Definitely no loans.

Very good questions thanks!

Glad I could help.

I just noticed an error in my last suggestion. It should have read:
“Any attempt to cheat this system or steal money or credits will result in the forfeiture of
all credits and/or money that was earned by cashing in credits.”

I’ll be changing almost all “dads” to “mom and dad.”
Suggest you make this “mom or dad”. Otherwise both of you would have
to be present when tasks are assigned.

Another idea just occurred to me that might resolve the text / moving image issue. For example,
the child could redeem one credit for 30 minutes of time for moving images or 60 minutes of time for
text websites. Homework assignments will be exempt from this rule.
(Perhaps I missed something in the document, but I don’t see what the exchange rate is for credits
being converted to screen time.)

One more question:
What would happen to old credits when the child reaches his/her 8th birthday? It seems to me
child would probably hold on to his/her credits in the months leading up to his/her birthday knowing
that they would soon double in value.
Hope this all works out well for the Frylock family.
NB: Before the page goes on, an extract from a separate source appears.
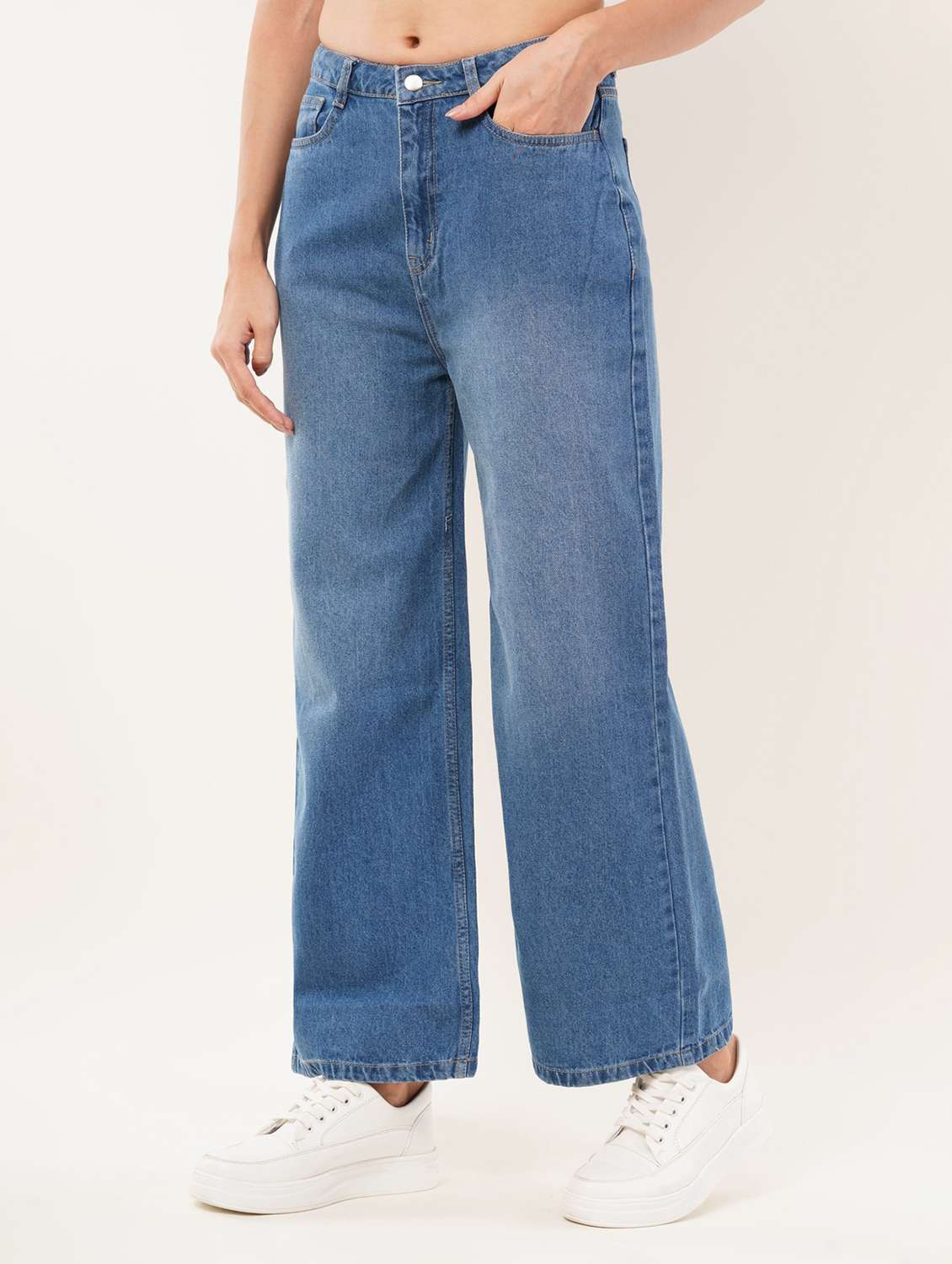 women solid mid rise wide leg jean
That looks to me like a feature, not a bug. Delayed gratification is one of the most important lessons a kid can be taught.

When I read this I get the impression that the children can sell their chores to each other for money. Am I correct in thinking a child who doesn’t want to do chores can simply pay a sibling to do them? And what if sibling A pays sibling B to do a task, and B doesn’t complete the task. Who gets fined? What if younger sibling B doesn’t do as good a job on the task as you’d expect from older sibling A?

And if a child doesn’t use their allotted Screen Time, the time goes back into the communal bank? Shouldn’t it go into the child’s personal account?

Why not? They’re the only ones who intuitively know how to program the touchpad on the microwave.

Good point, we’ll have to formalize that. Buying someone’s chore assignment will mean it’s now assigned to you for that day, and you’ll be fined if you don’t complete it.

This is part of why the exchange is only available to the older kids. But in the large scale, I am not worried about this–it will only count as “done” when I say it’s done.

No, because screen time is given in exchange for paying the “tax”. So it’s basically that you have a choice. You have to spend a credit a day either on screen time or on the communal savings project.

I already know which kids will contribute and which will not, and I’m okay with all of this.

I thought it was probably going to be some sort of a prostitution fantasy between a married couple.

Are you at risk here of creating whiny children who expect to be micro-rewarded for each little thing they do, instead of recognising their obligation to do things for the collective good as part of their free contribution to basic household maintenance? I recall hearing apparently knowledgable types on the radio say that bargaining for screen time is not a good idea.

Is there a risk here of creating whiny children who expect to be micro-rewarded for every little thing, instead of understanding that chores are their voluntary contribution to basic household maintenance?

I recall hearing from apparently knowledgable people on the radio that we shouldn’t be bargaining screen time.

And here it is.

Sorry about the almost-double post. Original seemed to disappear, then reappeared mysteriously.